Optimization doesn't mean getting to run cutting edge games on your old laptop, it means making the most of their hardware target. This isn't the same as a random low budget studio game made in UE5 with asset store bundles and lots of overhead from unused/misused engine features. RTX (particularly for lights) is computationally intense, as are huge open maps with tons of very complicated AI stuffed in. id is always careful to get their games running on as much hardware as possible, but realistically you're not gonna get Dark Ages running on a machine that can't do what Dark Ages needs to function.
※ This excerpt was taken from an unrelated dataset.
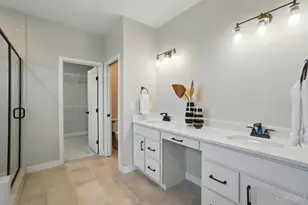 7516 Donegal Dr, Miami Township, OH 45233 - Photo 28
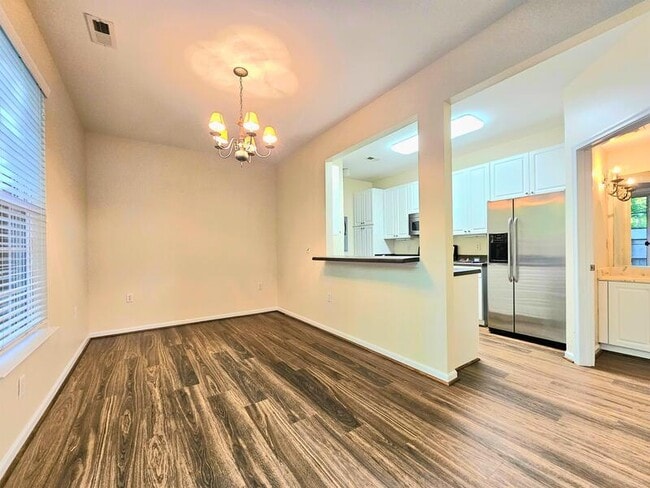 Building Photo - 5260 Elston Ln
the thing with RTX is that it's all fake. I own a 4070S GPU. was really excited to upgrade and I've actually upgraded from a 3070. I can tell you...the difference is slim if we don't consider Frame Gen and DLSS. But this is the thing, we SHOULDN'T consider it, because the tech is not there yet. It really isn't. I'll be curious and hopefully the new Doom proves me wrong, but I doubt it. I have resorted to play with Ray tracing off and i've had a MUCH better experience since I'm doint that. It's a shame to hear gaming will go into a direction where I won't be able to choose that. It's clear to me that that is a profit driven decision.
The thing is, games bake textures with ray tracing now and if they actually spend time to do optimizations, the game will run AND look much better without ray tracing. the quality lost (in ray traced shadows and lighting) is minimal if they take the time to do the optimisations.
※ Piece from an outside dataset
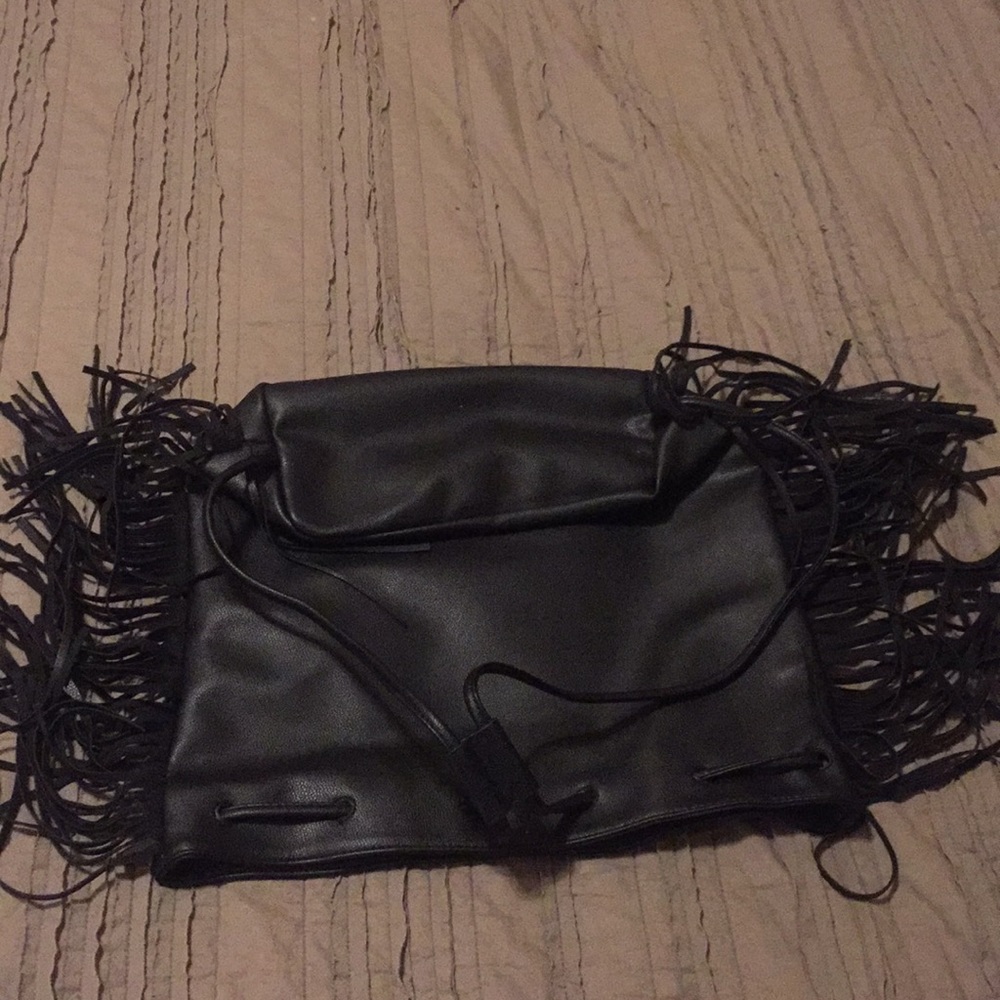 Black backpack - Picture 3 of 5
i really liked the idea of RTX, but tech isn't there yet. that;s the truth. forcing RTX ... is an unconsumer friendly decision imo. I'm all for it to progress to the next tech, as I have a fairly strong rig. I won't be affected by this, but I don't like the direction the industry is going when they simply let all optimisation development go to UE5's Nanite system and they brush it off with TAA. It really doesn't look good.
Here, check out this guy. He is explaining it better than me:
https://www.youtube.com/watch?v=YEtX_Z7zZSY&t=0s
If the consumer was not willing to pay 80$, the price would go down.